Craig Johnson rode into town on a balmy night last summer to promote his latest Walt Longmire novel Junkyard Dogs. Until that night, I’d never heard of him. But, as he was reading at one of my favorite indie bookstores, Murder By The Book, we decided to check him out.
He looked like a cowboy. He talked like a cowboy. He is a cowboy! And his Sheriff Walt Longmire mystery series is tons of fun. In mid-September I started reading The Cold Dish, the first book in the series, and didn’t stop until I completed #6, Junkyard Dogs. I am eagerly awaiting #7, Hell is Empty, which will be released in early June.
The series is set in northern Wyoming, where the author has lived for years. If, as Pulitzer Prize-winning author Elizabeth Strout suggests, place is the main character, Johnson has it nailed. It’s part of who he is.
In this lonely, arid, ruggedly beautiful country tiny outposts can harbor huge secrets, and Nature moves quickly and powerfully. An unexpected change in weather adds drama and danger to nearly any situation. Deadly blizzards, closed roads, an unexpected storm, or the searing heat of summer share the stage with ghosts from the Little Big Horn and Custer’s last stand.
Walt Longmire’s sparsely populated fictional county is home to more murderers and murder victims per capita than probably any place on earth (save, perhaps, that isolated village in southern Sweden where Henning Mankell’s detective Kurt Wallander solves heinous crimes). But this presents no problem for we mystery readers who crave good stories with great characters, loads of local color, and some healthy doses of humor thrown in to balance all that body count.
The Indian culture plays a significant role in Johnson’s novels as well, and is best represented by the character Henry Standing Bear (aka the Cheynne Nation), Walt’s best friend and confidant since childhood and a fellow Vietnam vet. A man of spiritual clout, Henry is Walt’s touchstone, not only offering wisdom and the occasional reality check, but also extracting potentially crime-solving information from his tribal brethern when necessary.
Then there is Walt’s deputy, Victoria Moretti. Raised in a family of Philadelphia cops, Vic arrives on the scene married. After the unsatisfactory husband departs without her, she sets her sights on the sheriff–who though old, crochety, and widowed, is a pussycat when it comes to women. Walt may be old enough to be Vic’s father, but she doesn’t care. Whenever the two are in a room together, well-orchestrated sparks fly.
As a writer, I admire Johnson’s ability to layer his work seamlessly. The plots and sub-plots are as one. Local characters grow on you, and as the series progresses their stories unfold. The reader comes to know and love a remote and little-known part of our world.

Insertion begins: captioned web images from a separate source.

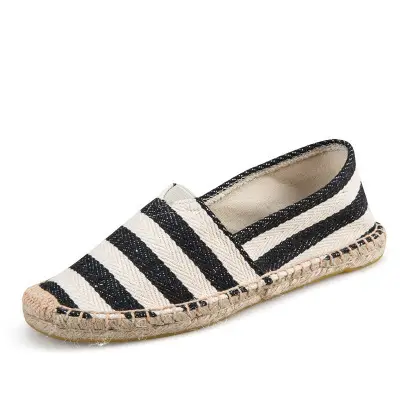Casual Espadrille Shoes, Handmade, Fashionable and Versatile Straw Shoes, Linen Cloth Shoes, Sweat-Absorbent and Breathable Slip-On Slip-Ons, Cloth Shoes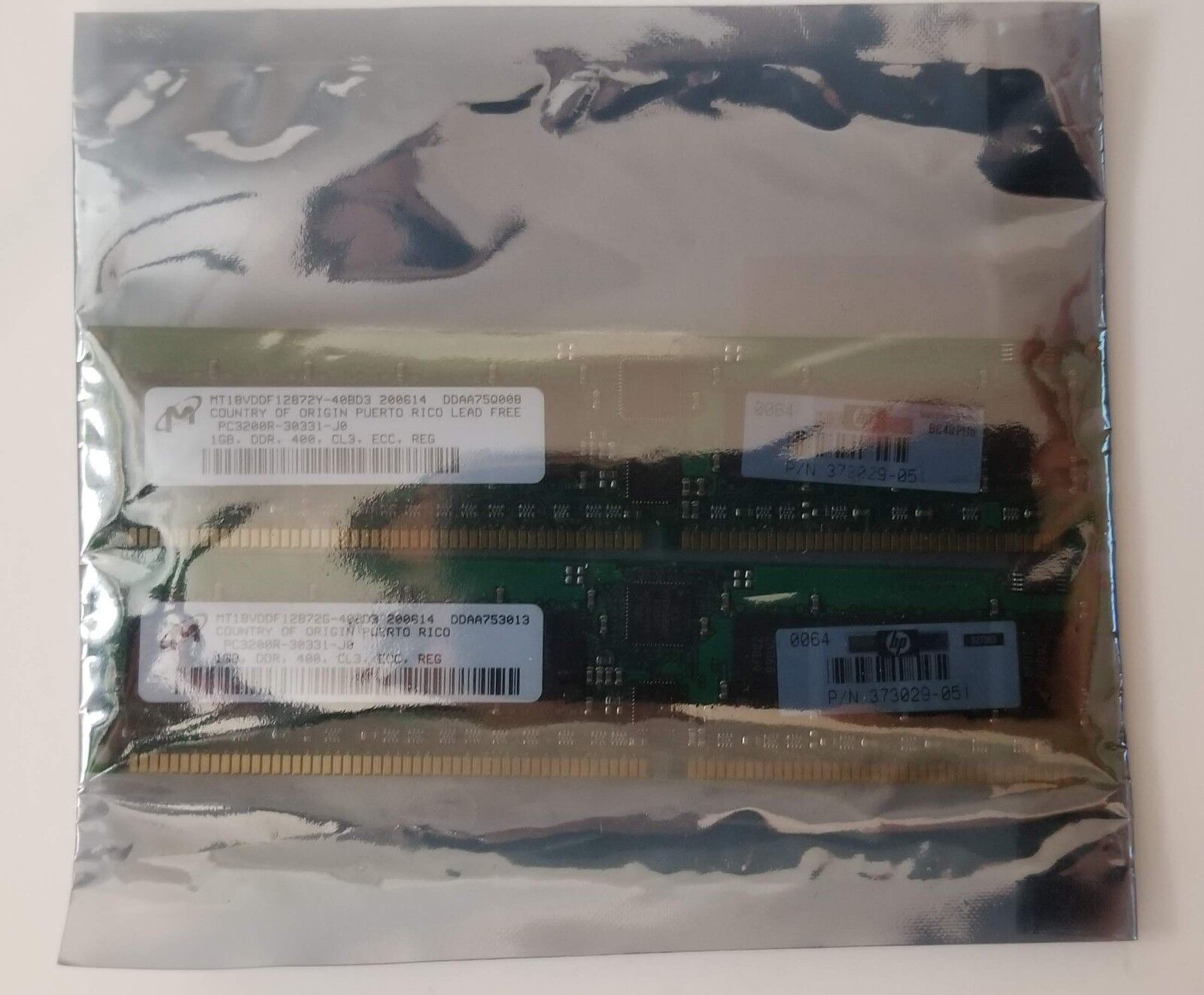 Set of 2- MICRON 1GB, DDR, CL3, ECC, PC3200R-30331-J0-  HP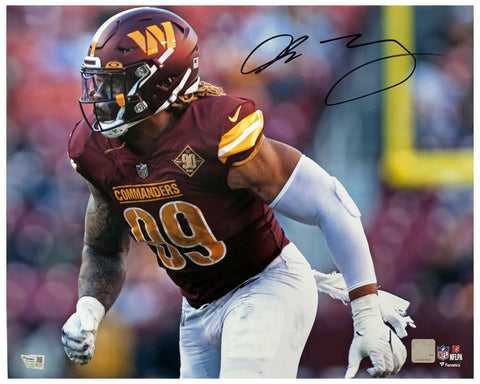 Chase Young Signed Commanders Pass Rush Action 16x20 Photo - (Fanatics COA)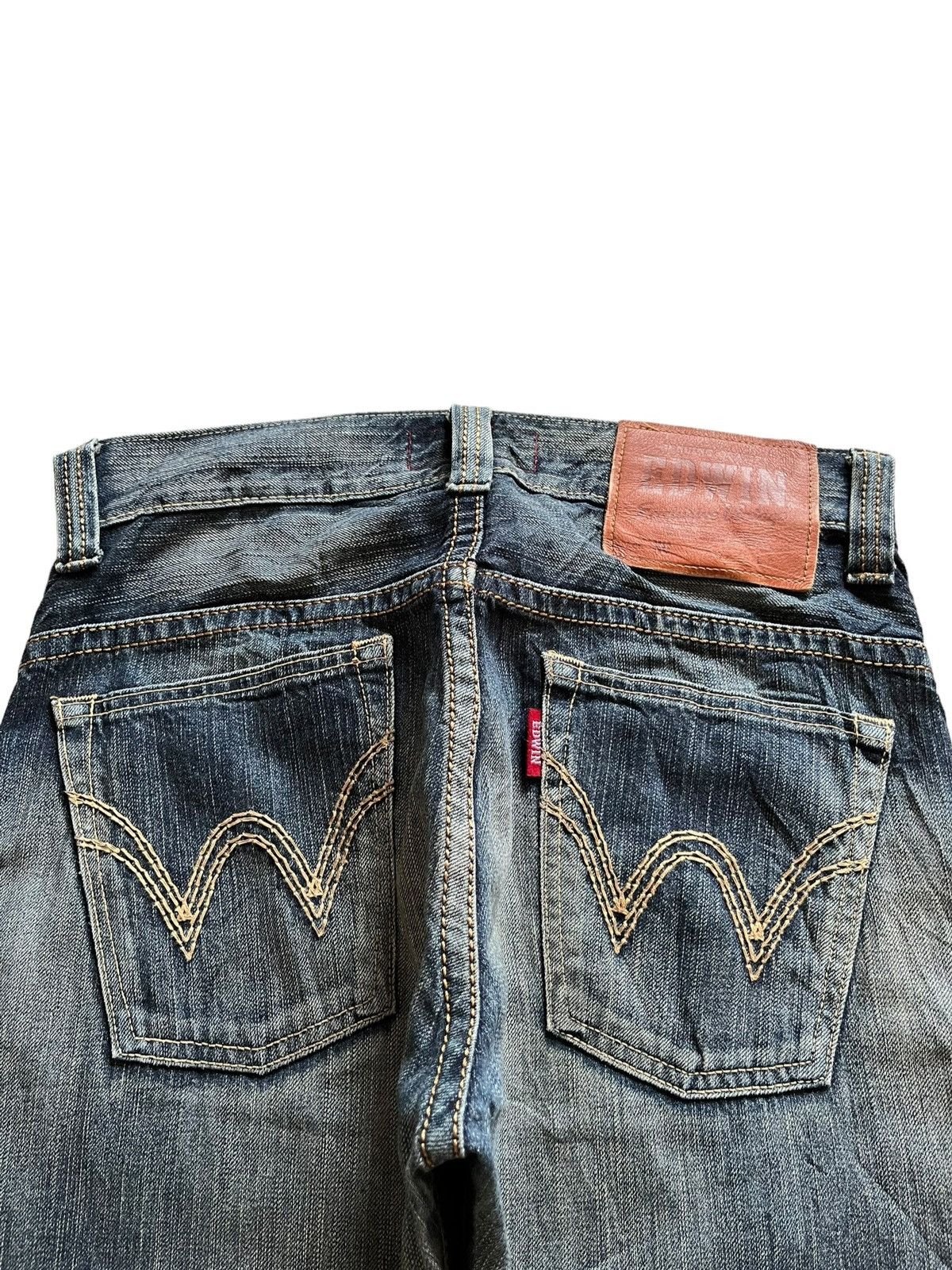 Edwin × Japanese Brand Vintage Japanese Edwin Rusty Mud Wash Ripped Loose Jeans Size US 32 / EU 48 - 8 Thumbnail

Johnson writes of what he knows. He’s also worked in law enforcement including a stint as a Senior Special Officer in New York City’s Central Park. (I’m guessing that is where “Vic” learned how to swear like Tony Soprano.) He lives with his wife in Ucross, Wyoming, population 25, very close to where much of the action in his novels takes place.
P.S. to original post: A television series based on Johnson’s novels is in the works. Very exciting!